После этой записи, сделанной в середине ноября, я три месяца ничего не записывал в дневник. Наконец, 16 февраля 1955 года записал: «После последней записи не хотелось записывать, пока не будет каких-нибудь решительных изменений. Но изменений нет. А время идет. Поэтому буду коротко записывать хоть некоторые внешние события».
На зимней экзаменационной сессии в январе добавился еще один повод для плохого настроения – на экзамене по алгебре получил четверку у Шафаревича. Из-за разделения нашего курса на математиков и механиков лекторы у меня сменились. Это было связано с тем, что на первом курсе я был на втором потоке, а теперь поток математиков назывался первым, и на нем лекторами стали те же профессора, которые на первом курсе читали лекции нашему прежнему первому потоку. Таким образом, моим лектором по алгебре вместо Куроша стал 30-летний Игорь Ростиславович Шафаревич, очень талантливый математик, про которого было известно, что он еще школьником сдавал экстерном экзамены на мехмате МГУ и в результате окончил университет в 17 лет, кандидатом наук стал в 19, а доктором – в 23 года. Позднее он стал также известным диссидентом, другом Солженицына и Сахарова, но потом с Сахаровым их дороги разошлись, когда Шафаревич перешел на антилиберальные консервативные позиции с привкусом антисемитизма.
А лектором по анализу на втором курсе у меня стал профессор Хинчин, тоже очень известный математик, но уже достаточно пожилой в то время. Он был также известен как хороший методист и популяризатор математики. По его книгам я занимался еще на первом курсе. Свои лекции он читал неторопливо, подробно обосновывая каждый шаг, и нашим продвинутым студентам это не нравилось, и они пропускали лекции. Семинарские занятия по анализу в моей группе вела доцент Кишкина, а экзамен у меня в январе принимала ее подруга Айзенштат. Обе они были известны своей свирепостью на зачетах и по этому поводу часто становились героинями разных анекдотов и студенческих капустников. У меня с анализом все всегда было в порядке, а четверка по алгебре от Шафаревича, в общем-то, была справедливой. Именно поэтому это и портило настроение. Я потом, правда, этот экзамен пересдал, получил отлично, но к алгебре у меня еще долго оставалось настороженное отношение, пока я не понял, что и ее проблемы можно интерпретировать геометрически, о чем я уже упоминал.

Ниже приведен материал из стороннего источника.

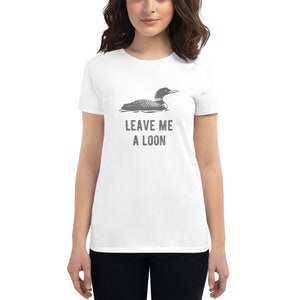 Könnte beinhalten: Weißes Damen-T-Shirt mit einer grauen Loon-Illustration und dem Text "Leave Me A Loon".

Во втором семестре у нас начались лекции по дифференциальным уравнениям, которые нам читал академик Понтрягин. Несмотря на то, что он был слепой, он как раз часто пользовался геометрическим языком, и мне очень нравились всякие седла и другие рисунки фазовых траекторий, которые возникали на доске во время его лекций. На доске за Понтрягина писал его ученик и ближайший сотрудник Мищенко, тот, который у нас на первом курсе вел семинарские занятия по аналитической геометрии.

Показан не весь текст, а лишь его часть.